MILWAUKEE -- A memorial was held on Sunday, November 18th to remember and pay tribute to Zina Daniel -- one of three women shot and killed inside the Azana Salon & Spa in Brookfield nearly one month ago.
Daniel was killed by her husband, 45-year-old Radcliffe Haughton when he entered the salon and opened fire. Two others lost their lives, and four others were injured. Haughton eventually turned the gun on himself.
Following the shooting, it was discovered there was a history of domestic abuse issues between Haughton and Daniel, and just days before the shooting, Daniel had been granted a four-year restraining order against her husband.
At the St. Paul's Episcopal Church (914 E. Knapp Street) Sunday, Daniel's brother, Elvin Daniel and Carmen Pitre with the Sojourner Family Peace Center spoke about using Daniel's death as a call to action, and said they hope this tragedy will encourage other domestic violence victims to speak up.

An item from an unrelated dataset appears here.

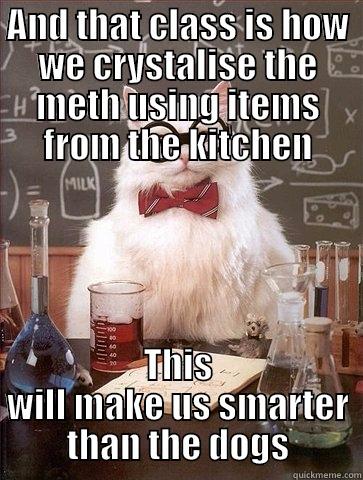 AND THAT CLASS IS HOW WE CRYSTALISE THE METH USING ITEMS FROM THE KITCHEN THIS WILL MAKE US SMARTER THAN THE DOGS Chemistry Cat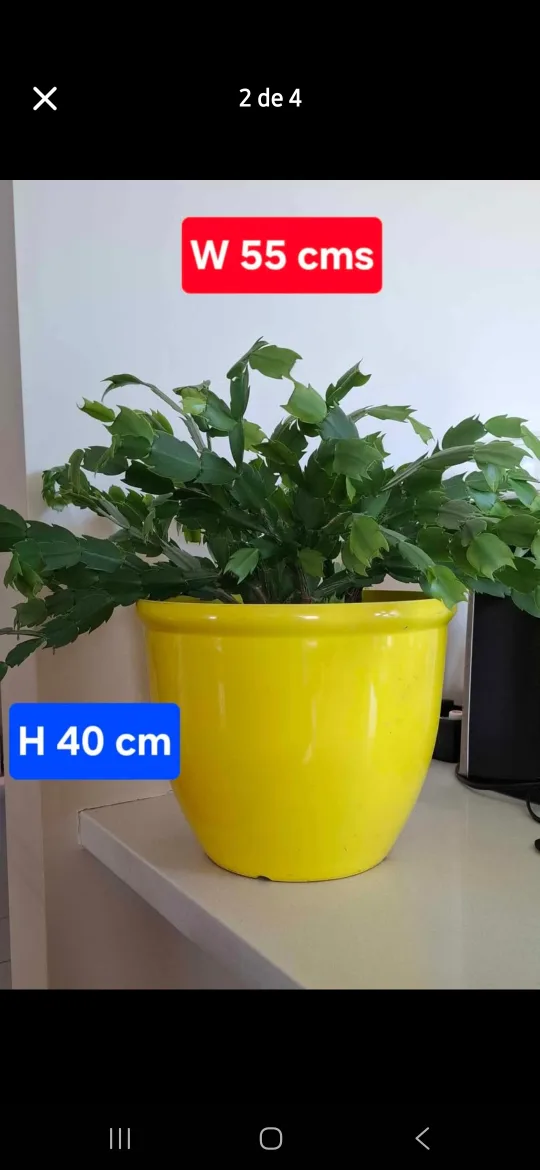 beautiful christmas plant cactus H 40cm, W 55cm thumbnail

Family members and friends wore purple ribbons Sunday in honor of Daniel and domestic violence victims everywhere.
Elvin Daniel said his sister's restraining order did little to protect her from her estranged husband, Radcliffe Haughton.
"Changes must be made to prevent another tragedy like this. The best way we can keep Zina's name alive is to prevent this from happening again to another person," Daniel said.
Daniel has proposed a new law in Zina's name. The law would allow law enforcement to track abusers with restraining orders against them using GPS devices that emit a signal if they approach their victim.
"That device would alert authorities, and the victim can find a safe place," Daniel said.
Daniel said he plans to work with lawmakers like Rep. Jon Richards (D - Milwaukee), who says Zina died because of a broken system.
"When we start the next session of the Wisconsin Legislature, we will be introducing measures to address what happened to Zina," Rep. Richards said.
Meanwhile, a friend of Zina's said she will honor her another way.
"I will try to live a better life and be a better mother because of her," Renea Parenteau said.
Zina's father said he will take comfort knowing she died trying to protect others.
"Zina did not go in vain. She was a hero," Aldred Daniel said.